Bug 1229822
Summary: | [RFE] make "cluster setup --start", "cluster start" and "cluster standby" support --wait as well | ||||||||
---|---|---|---|---|---|---|---|---|---|
Product: | Red Hat Enterprise Linux 7 | Reporter: | Jan Pokorný [poki] <jpokorny> | ||||||
Component: | pcs | Assignee: | Tomas Jelinek <tojeline> | ||||||
Status: | CLOSED ERRATA | QA Contact: | cluster-qe <cluster-qe> | ||||||
Severity: | unspecified | Docs Contact: | |||||||
Priority: | medium | ||||||||
Version: | 7.2 | CC: | abeekhof, cfeist, cluster-maint, cluster-qe, fdinitto, idevat, michele, phagara, royoung, rsteiger, tojeline | ||||||
Target Milestone: | rc | Keywords: | FutureFeature | ||||||
Target Release: | --- | ||||||||
Hardware: | Unspecified | ||||||||
OS: | Unspecified | ||||||||
Whiteboard: | |||||||||
Fixed In Version: | pcs-0.9.151-1.el7 | Doc Type: | Enhancement | ||||||
Doc Text: |
Feature:
Add an option which makes pcs wait for nodes to start or go to/from standby mode.
Reason:
If one wants to be sure nodes have fully started or gone to/from standby mode, it is required to periodically check output of 'pcs status', which cannot be easily done e.g. in scripts which call pcs.
Result:
--wait option added to 'pcs cluster start', 'pcs cluster setup --start', 'pcs cluster node add --start', 'pcs node standby' and 'pcs node unstandby' commands.
|
Story Points: | --- | ||||||
Clone Of: | 1195703 | ||||||||
: | 1229826 (view as bug list) | Environment: | |||||||
Last Closed: | 2016-11-03 20:54:29 UTC | Type: | Bug | ||||||
Regression: | --- | Mount Type: | --- | ||||||
Documentation: | --- | CRM: | |||||||
Verified Versions: | Category: | --- | |||||||
oVirt Team: | --- | RHEL 7.3 requirements from Atomic Host: | |||||||
Cloudforms Team: | --- | Target Upstream Version: | |||||||
Embargoed: | |||||||||
Bug Depends On: | |||||||||
Bug Blocks: | 1229826, 1251196 | ||||||||
Attachments: |
|
Description
Jan Pokorný [poki]
2015-06-09 17:42:51 UTC
Also "pcs cluster standby <node>" might deserve --wait as per the wish
expressed at #clusterlabs Freenode's channel (times in CEST):
17:02 < larsks> After putting a node into standby mode with 'pcs cluster
standby <node>', is there a way to confirm that
resources are no longer running on that node?

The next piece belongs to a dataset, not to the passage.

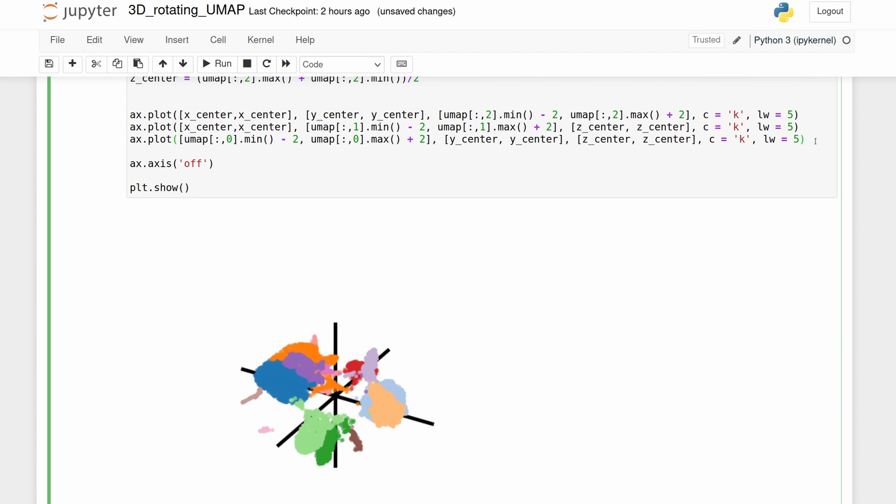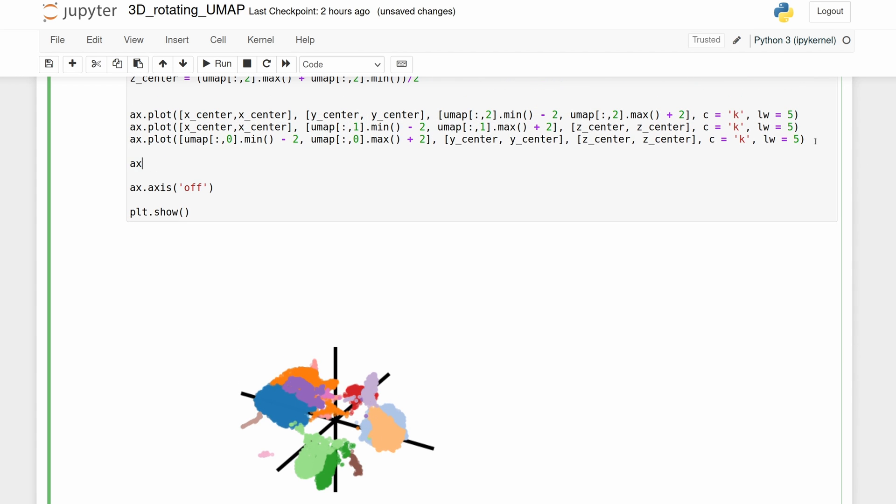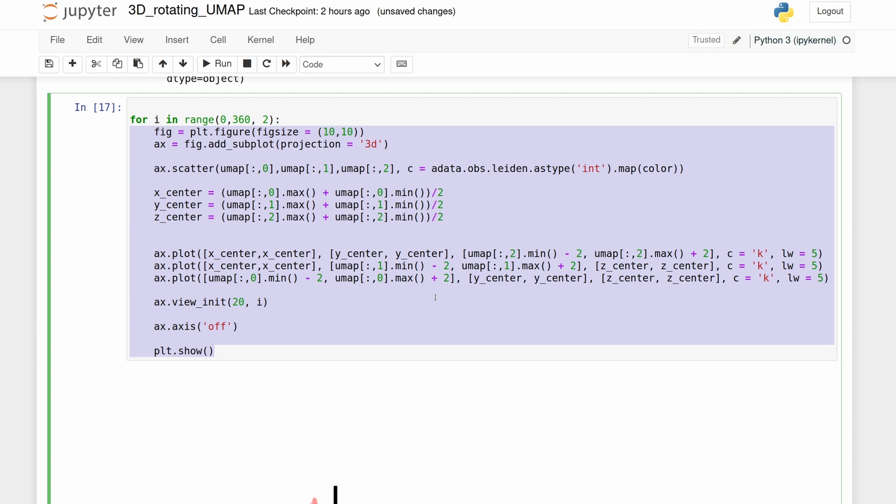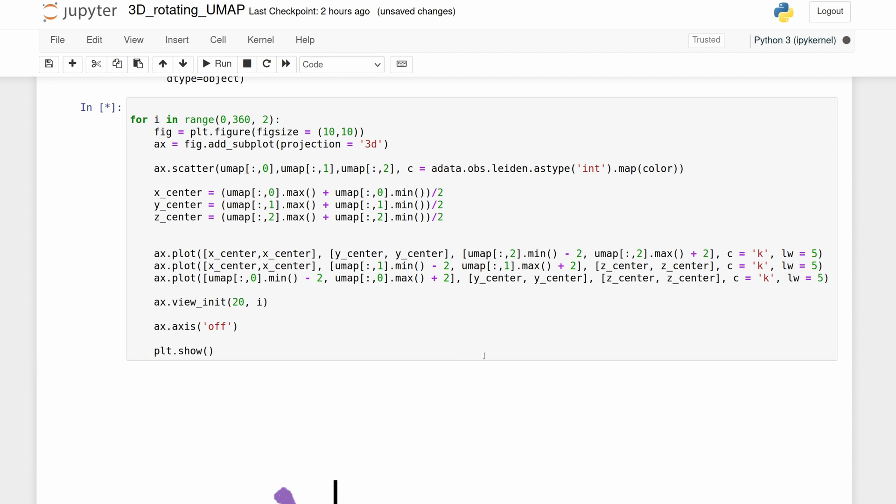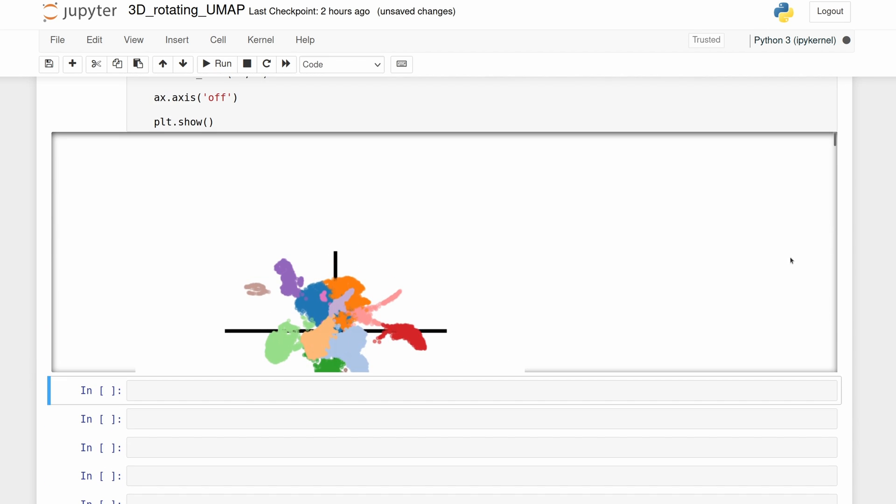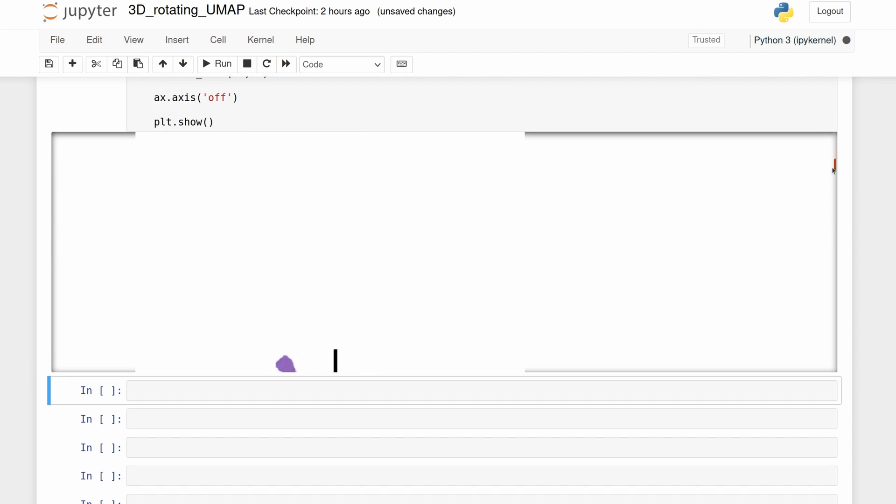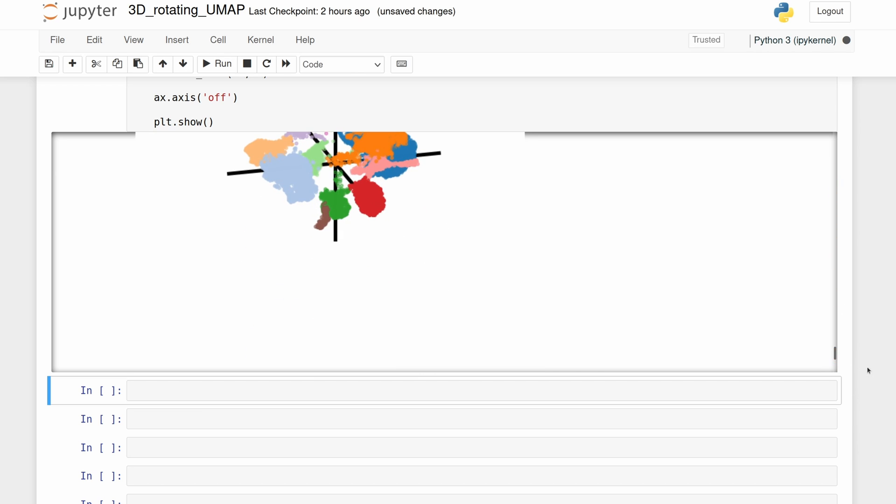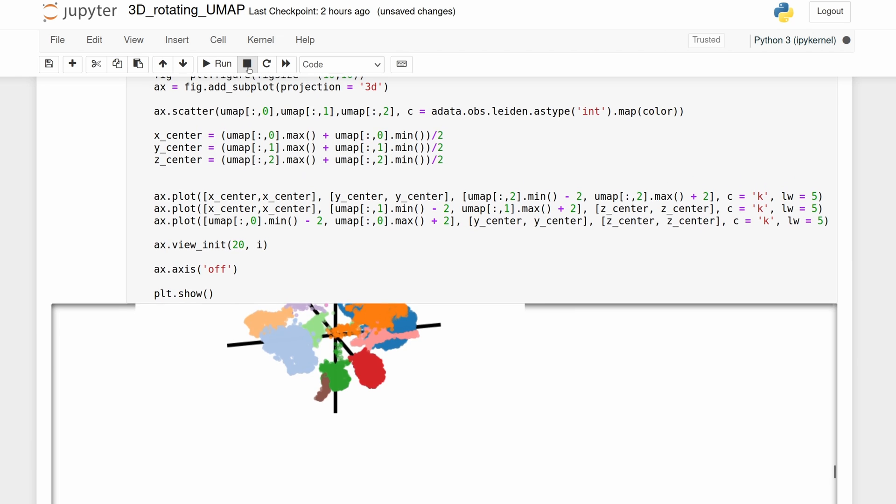Now to make it spin, we're going to use this ax.view. And we're going to keep one angle constant at 20. And then we're going to spin it at i degrees. And since there's 360 degrees in a circle, we're going to spin it 360 degrees in a loop. So we're just going to do a for i in range 0 to 360. And then we're not going to do every single degree. We're going to skip by two at a time. Now we see that this is just running multiple times or 180 different times. But let's just stop it.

Specifically, a way that could be used in an automated
script (as opposed to, say, "visual inspection of pcs
status output")...
17:04 < lge> depends on your resources, right?
17:04 < lge> confirm as in how: ask pacemaker if it believes it is done?
17:04 < lge> or double check all resources?
17:05 < larsks> lge: confirm as in "have pacemaker confirm that there are
no longer any active resources on the node that was put
into standby mode"
17:05 < lge> "poll" crm_mon.
17:06 < larsks> Hmm. crm_mon produces largely human-readable output, as
opposed to something machine-parseable. I guess I can
run 'pcs status xml' or 'cibadmin -Q' through an XML
parser...
17:06 < larsks> All I really want is a --wait flag to
'pcs cluster standby' :)
> ^^^^^^^^^^^^^^^^^^^^^^^^^^^^^^^^^^^^^
17:06 < lge> once crmadmin -S returns S_IDLE, pacemaker thinks it has
nothing more to do. if that works for you...
17:07 < larsks> lge: huh, interesting. I'll try that out and see how
that works.
17:08 < lge> need to point it against the DC, though.
17:11 < lge> and that does not tell you if all stop operations have been
successful.
17:12 < lge> though, if stop fails, that is supposed to be escalated to
fencing... and once it goes S_IDLE after fencing, you can
be sure everything is stopped ;-)
17:12 < lge> that's the whole point of fencing, after all.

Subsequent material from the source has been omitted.